EXERCISE INPUTS:
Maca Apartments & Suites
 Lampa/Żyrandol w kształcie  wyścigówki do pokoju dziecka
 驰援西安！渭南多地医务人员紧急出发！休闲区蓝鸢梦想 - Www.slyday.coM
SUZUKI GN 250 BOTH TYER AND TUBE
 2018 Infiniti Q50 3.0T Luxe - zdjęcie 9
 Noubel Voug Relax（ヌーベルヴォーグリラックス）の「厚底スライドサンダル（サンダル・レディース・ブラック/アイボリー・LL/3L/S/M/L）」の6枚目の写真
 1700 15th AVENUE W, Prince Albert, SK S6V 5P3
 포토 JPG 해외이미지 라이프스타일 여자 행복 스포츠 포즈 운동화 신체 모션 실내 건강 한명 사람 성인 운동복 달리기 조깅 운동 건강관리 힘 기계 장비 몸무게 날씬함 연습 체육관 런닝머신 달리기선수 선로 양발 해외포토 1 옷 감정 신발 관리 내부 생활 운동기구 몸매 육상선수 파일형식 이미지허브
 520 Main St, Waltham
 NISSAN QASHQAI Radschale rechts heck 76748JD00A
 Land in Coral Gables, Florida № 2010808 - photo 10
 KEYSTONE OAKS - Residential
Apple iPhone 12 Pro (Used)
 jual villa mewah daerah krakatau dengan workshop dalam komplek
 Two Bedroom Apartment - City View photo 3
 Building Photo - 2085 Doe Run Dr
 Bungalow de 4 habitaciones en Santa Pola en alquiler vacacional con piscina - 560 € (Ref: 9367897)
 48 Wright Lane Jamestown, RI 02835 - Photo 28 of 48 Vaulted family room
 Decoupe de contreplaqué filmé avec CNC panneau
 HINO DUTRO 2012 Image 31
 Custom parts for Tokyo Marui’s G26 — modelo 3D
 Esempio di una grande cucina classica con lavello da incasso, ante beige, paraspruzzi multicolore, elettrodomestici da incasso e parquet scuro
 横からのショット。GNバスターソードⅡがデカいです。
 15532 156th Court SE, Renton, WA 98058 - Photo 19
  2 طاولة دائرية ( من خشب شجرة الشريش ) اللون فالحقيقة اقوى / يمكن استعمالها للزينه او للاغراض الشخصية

WORK ORDER: Send back each record exactly as it stands.

YOUR SOLUTION:
Maca Apartments & Suites
 Lampa/Żyrandol w kształcie  wyścigówki do pokoju dziecka
 驰援西安！渭南多地医务人员紧急出发！休闲区蓝鸢梦想 - Www.slyday.coM
SUZUKI GN 250 BOTH TYER AND TUBE
 2018 Infiniti Q50 3.0T Luxe - zdjęcie 9
 Noubel Voug Relax（ヌーベルヴォーグリラックス）の「厚底スライドサンダル（サンダル・レディース・ブラック/アイボリー・LL/3L/S/M/L）」の6枚目の写真
 1700 15th AVENUE W, Prince Albert, SK S6V 5P3
 포토 JPG 해외이미지 라이프스타일 여자 행복 스포츠 포즈 운동화 신체 모션 실내 건강 한명 사람 성인 운동복 달리기 조깅 운동 건강관리 힘 기계 장비 몸무게 날씬함 연습 체육관 런닝머신 달리기선수 선로 양발 해외포토 1 옷 감정 신발 관리 내부 생활 운동기구 몸매 육상선수 파일형식 이미지허브
 520 Main St, Waltham
 NISSAN QASHQAI Radschale rechts heck 76748JD00A
 Land in Coral Gables, Florida № 2010808 - photo 10
 KEYSTONE OAKS - Residential
Apple iPhone 12 Pro (Used)
 jual villa mewah daerah krakatau dengan workshop dalam komplek
 Two Bedroom Apartment - City View photo 3
 Building Photo - 2085 Doe Run Dr
 Bungalow de 4 habitaciones en Santa Pola en alquiler vacacional con piscina - 560 € (Ref: 9367897)
 48 Wright Lane Jamestown, RI 02835 - Photo 28 of 48 Vaulted family room
 Decoupe de contreplaqué filmé avec CNC panneau
 HINO DUTRO 2012 Image 31
 Custom parts for Tokyo Marui’s G26 — modelo 3D
 Esempio di una grande cucina classica con lavello da incasso, ante beige, paraspruzzi multicolore, elettrodomestici da incasso e parquet scuro
 横からのショット。GNバスターソードⅡがデカいです。
 15532 156th Court SE, Renton, WA 98058 - Photo 19
  2 طاولة دائرية ( من خشب شجرة الشريش ) اللون فالحقيقة اقوى / يمكن استعمالها للزينه او للاغراض الشخصية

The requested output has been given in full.